>>

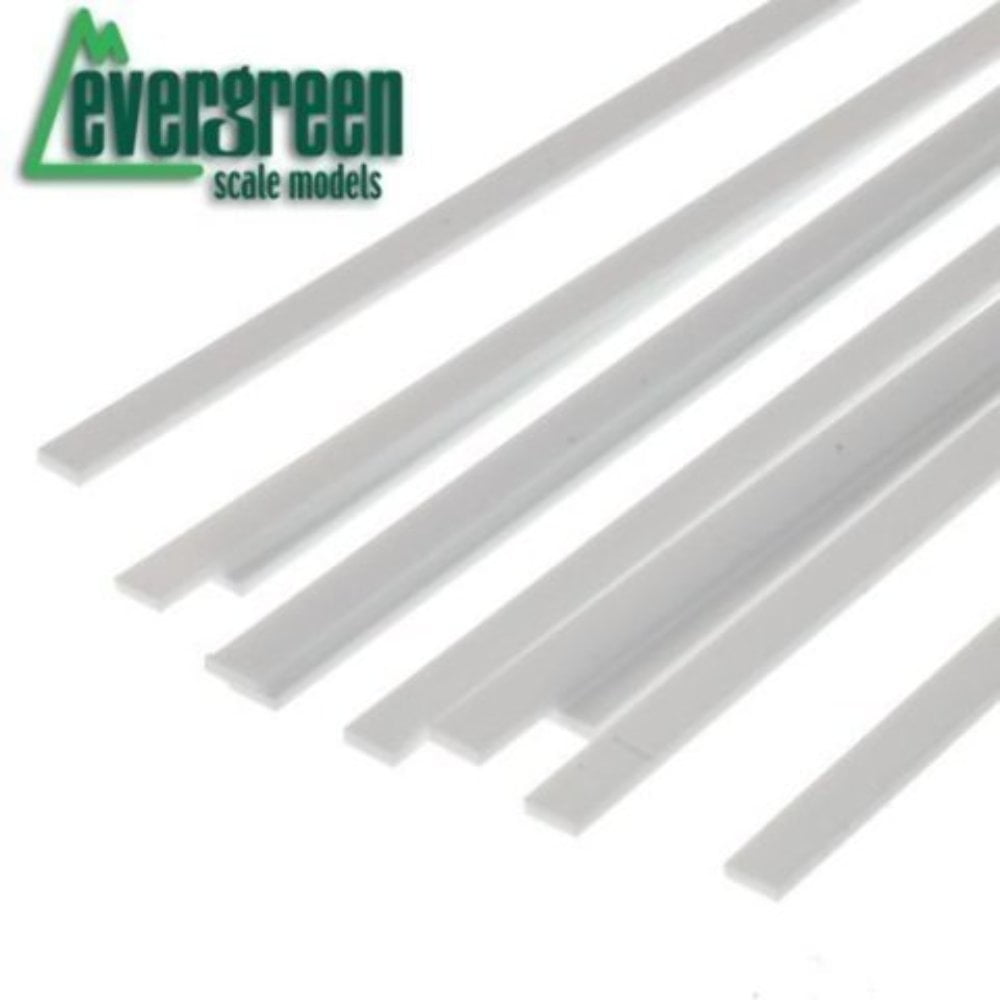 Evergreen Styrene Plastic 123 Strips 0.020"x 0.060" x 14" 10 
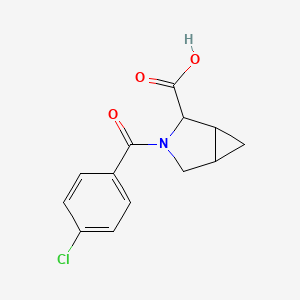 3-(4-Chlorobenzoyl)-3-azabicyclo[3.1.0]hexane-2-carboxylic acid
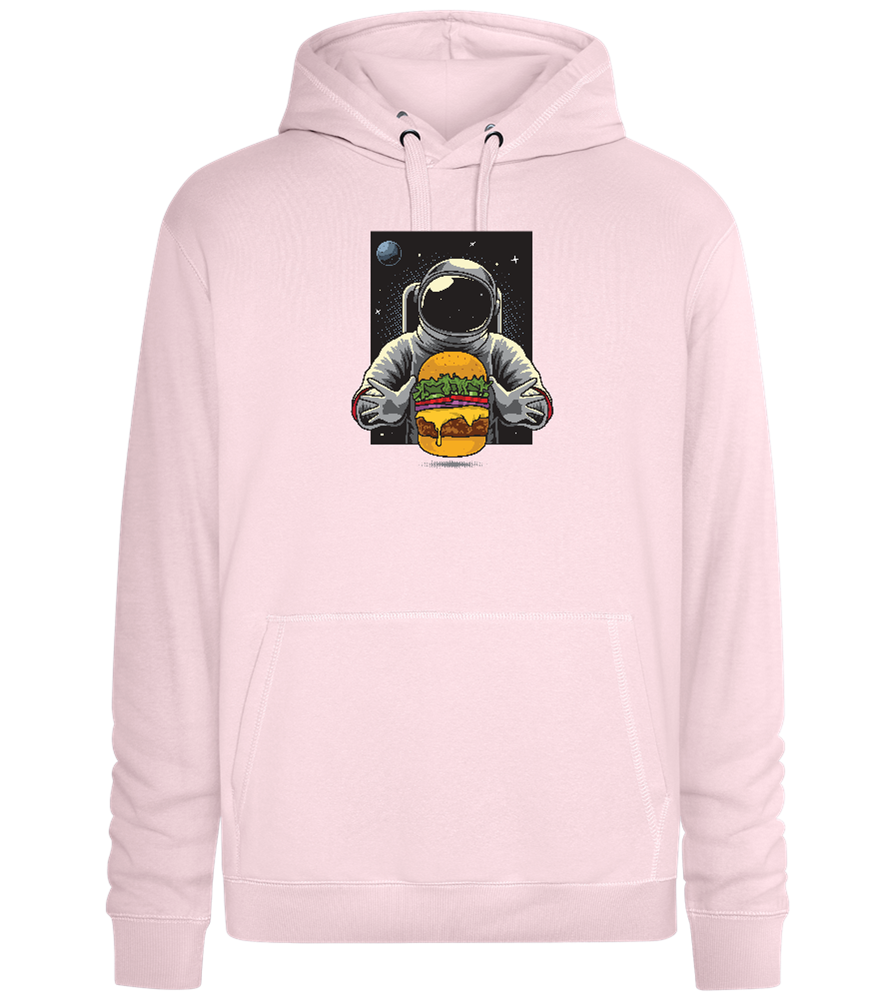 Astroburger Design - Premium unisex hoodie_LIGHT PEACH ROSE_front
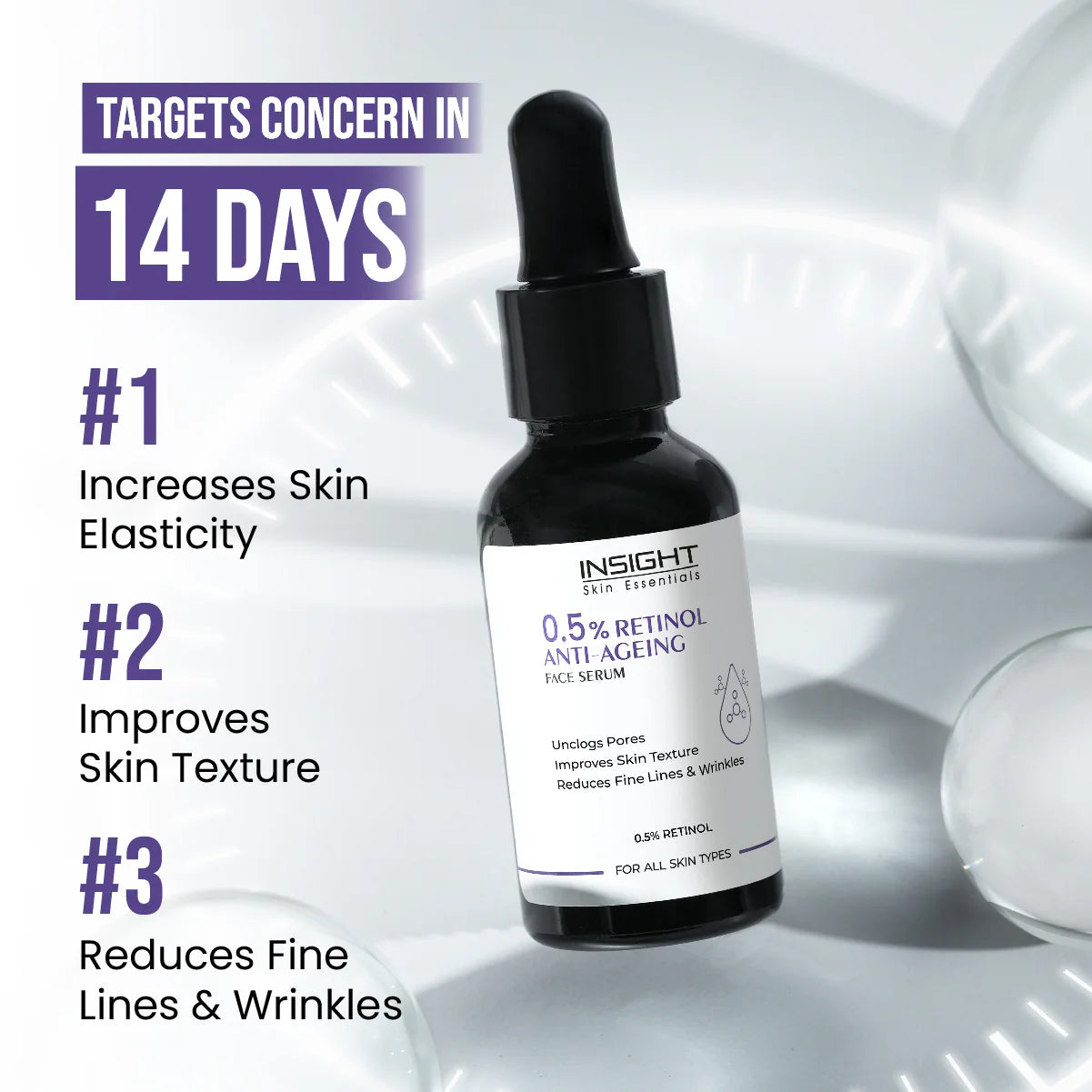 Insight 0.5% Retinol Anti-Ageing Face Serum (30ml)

<<
>>

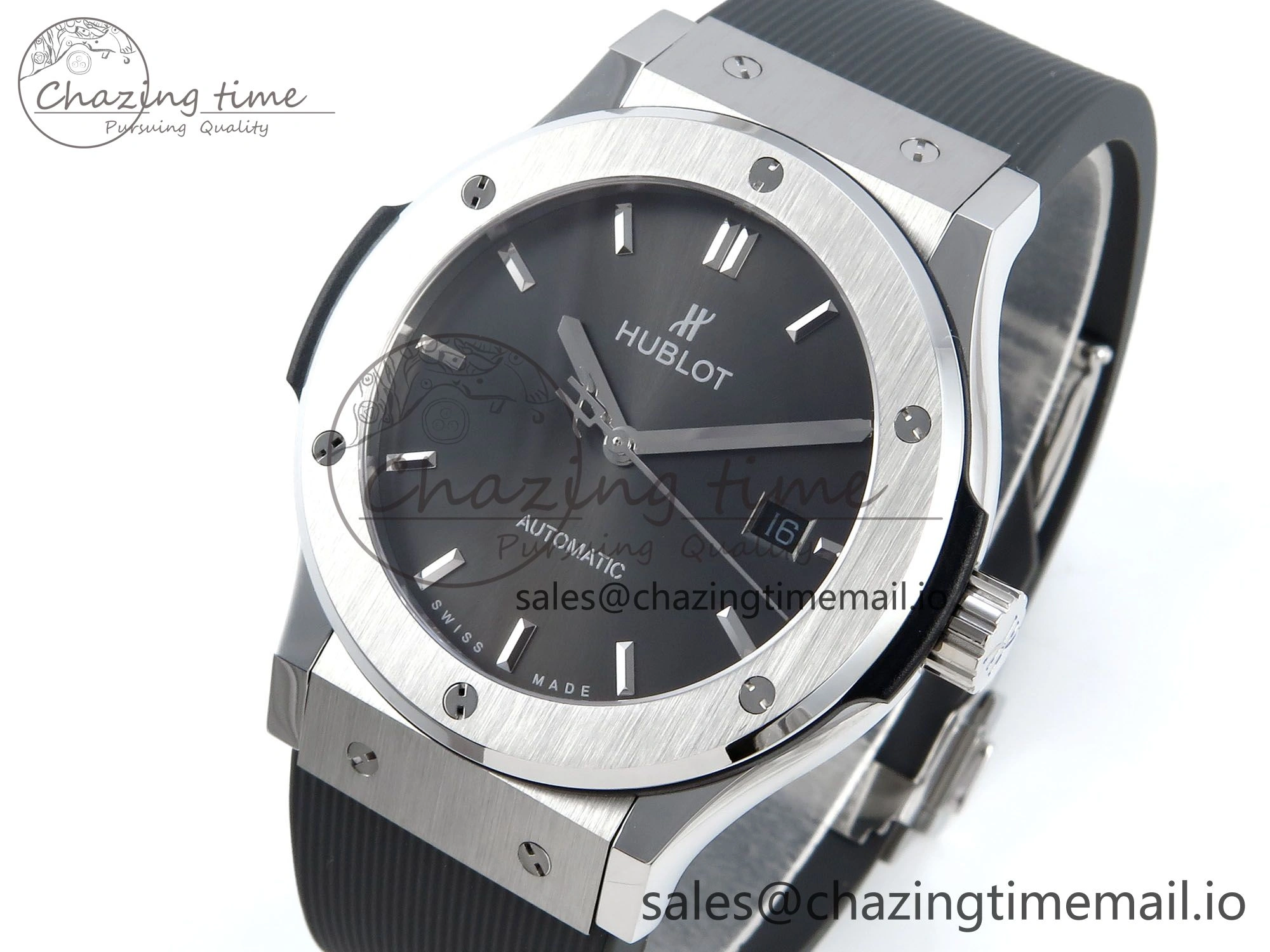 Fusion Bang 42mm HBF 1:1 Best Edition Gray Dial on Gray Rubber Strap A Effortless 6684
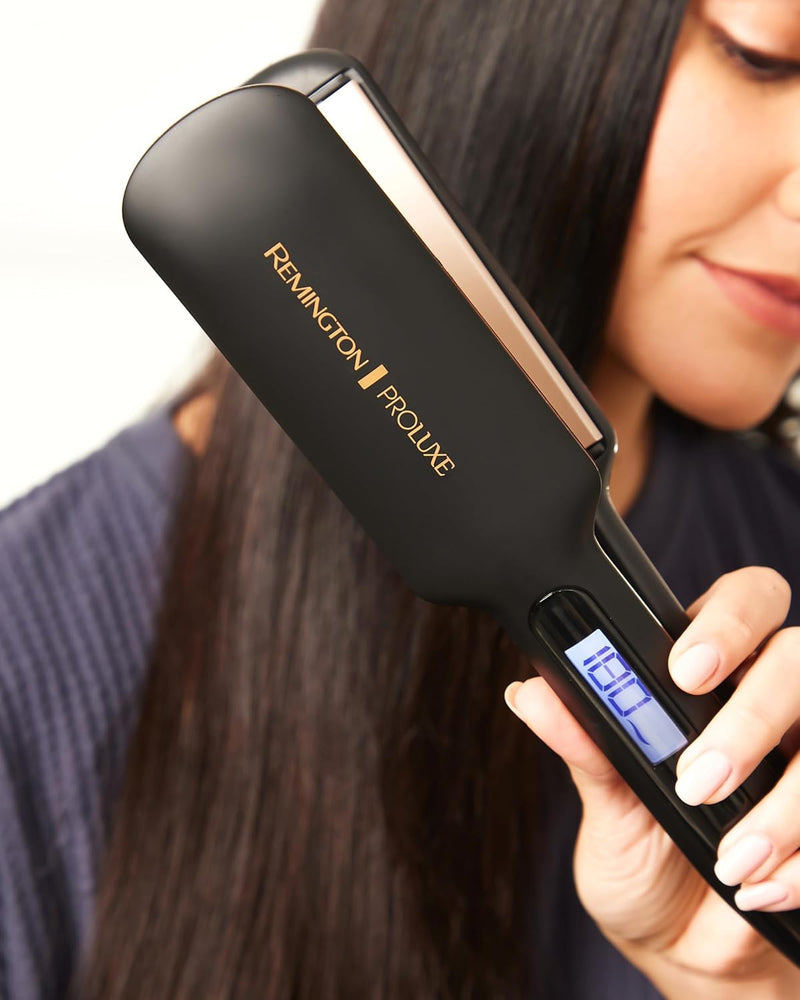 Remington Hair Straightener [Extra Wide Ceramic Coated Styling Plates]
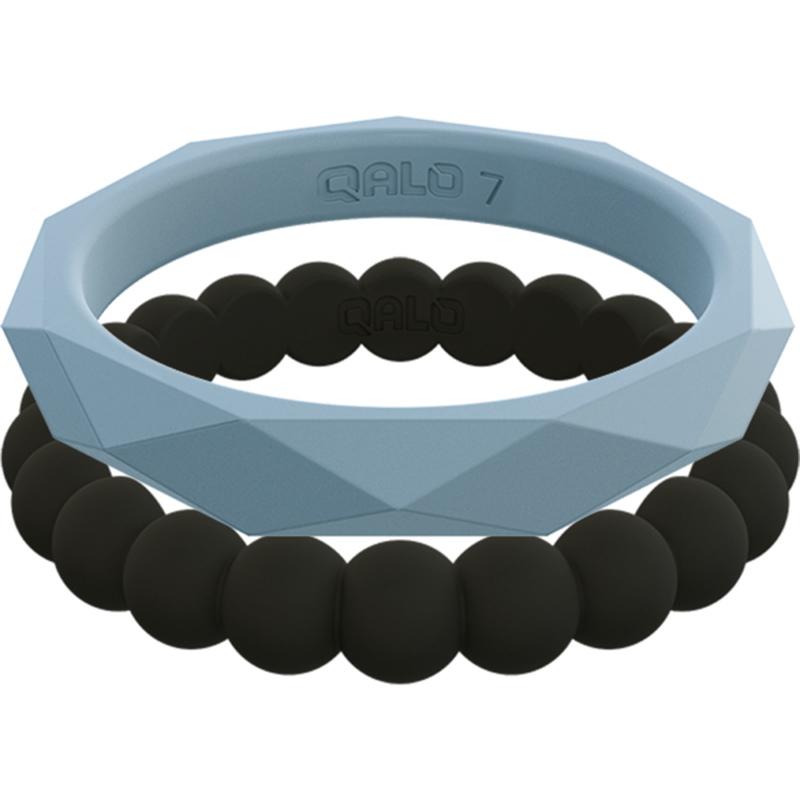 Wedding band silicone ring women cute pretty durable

<<

What is required => Transcribe the listing above exactly, but only from the line with "Evergreen Styrene Plastic" through the line with "Insight 0.5% Retinol". Include both of those lines and omit the pictures.

Solved exercise =>
 Evergreen Styrene Plastic 123 Strips 0.020"x 0.060" x 14" 10 
 3-(4-Chlorobenzoyl)-3-azabicyclo[3.1.0]hexane-2-carboxylic acid
 Astroburger Design - Premium unisex hoodie_LIGHT PEACH ROSE_front
 Insight 0.5% Retinol Anti-Ageing Face Serum (30ml)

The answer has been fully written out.